Bien sûr, cet activisme reflète bien le dynamisme de la démocratie locale dans les pays alignés avec l'Occident. Mais il n'en demeure pas moins que si l'Occident ne peut accéder aux matières premières qu'exige la transition énergétique des pays amis à un prix raisonnable, il se retrouvera une fois de plus à la merci d'un régime hostile. L'éventualité que la Chine « transforme en arme » sa domination sur ces minéraux, comme la Russie l'a fait avec son gaz naturel, inquiète une grande part des cercles politiques.
À moins que le problème ne soit résolu rapidement, les gouvernements occidentaux pourraient finir par devoir prendre des mesures d'urgence qui vont faire fi des préoccupations locales – par exemple, ouvrir des mines et des installations nationales pour des raisons de sécurité nationale. Ils pourraient également se trouver obligés de forcer la main des pays en développement à étendre leur production, en faisant peu de cas une fois encore des préoccupations au niveau local. C'est le triste modèle de géopolitique de l'énergie et des ressources qui a cours depuis un siècle ou plus.

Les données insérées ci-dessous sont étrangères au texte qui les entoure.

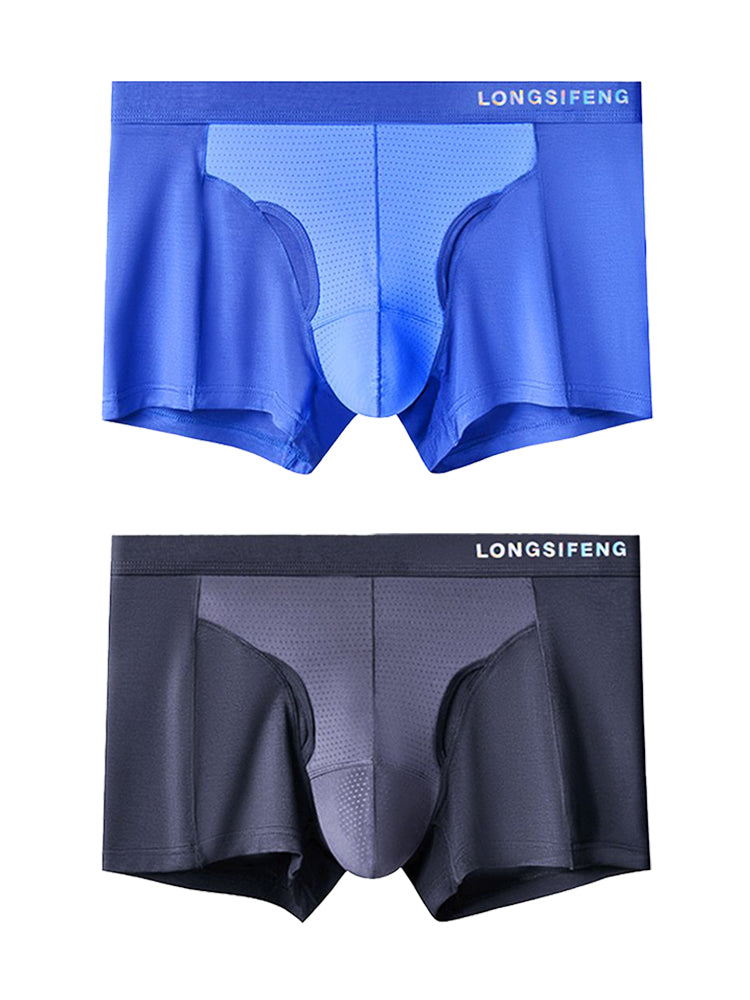 2 Pack Men's Mesh Antibacterial Support Lift & Separate Pouch Trunks | dmunderwear variant image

Pour éviter ce résultat, il faudra avancer rapidement vers un nouveau « grand compromis » entre exploitants de mines et parties prenantes locales. À cette fin, il est urgent de lancer un programme ambitieux, axé sur la remise à zéro des relations entre les deux parties, qui englobe tous les pays riches en minéraux et alignés sur l'Occident.
Les sociétés minières, soutenues par les gouvernements occidentaux, doivent veiller à ce que les nouvelles activités apportent de plus grands avantages économiques locaux et soient plus sensibles aux besoins locaux. Elles doivent également mettre en place des contrôles plus crédibles et plus visibles sur les risques pour l'environnement et sur les risques sanitaires que les mines peuvent créer. Dans les pays en développement, les sociétés minières doivent démontrer qu'elles sont bien meilleures que les entreprises chinoises sur ces fronts. Les mineurs occidentaux sont déjà impliqués dans de nombreuses initiatives environnementales et sociales de bonnes pratiques, mais ces dernières doivent être élevées au rang de priorité stratégique.
En contrepartie de ces efforts, les organes de régulation locaux doivent rationaliser et accélérer les processus de délivrance des permis et les communautés locales et les activistes doivent accepter la nécessité de soutenir des projets bien conçus. Les militants écologistes reconnaîtront sûrement l'importance de mettre fin à une menace majeure pour la transition énergétique. Mais les vieilles habitudes ont la vie dure et une forte résistance persiste souvent face aux grandes entreprises qui poursuivent des projets de grande envergure comme le minage. Les gouvernements peuvent aider sur ce front en intervenant dans l'arbitrage des différends entre entreprises et communautés.
Certains pourraient arguer du fait que c'est un remède douloureux à un problème qui n'a pas encore fait son apparition. Mais les dangers posés par la dépendance vis-à-vis de la Chine en réserves de minéraux critiques sont désormais bien trop évidents. Le déblocage plus rapide du développement minier plus près de chez soi est la meilleure voie à suivre – et cela va exiger de nouvelles approches radicales.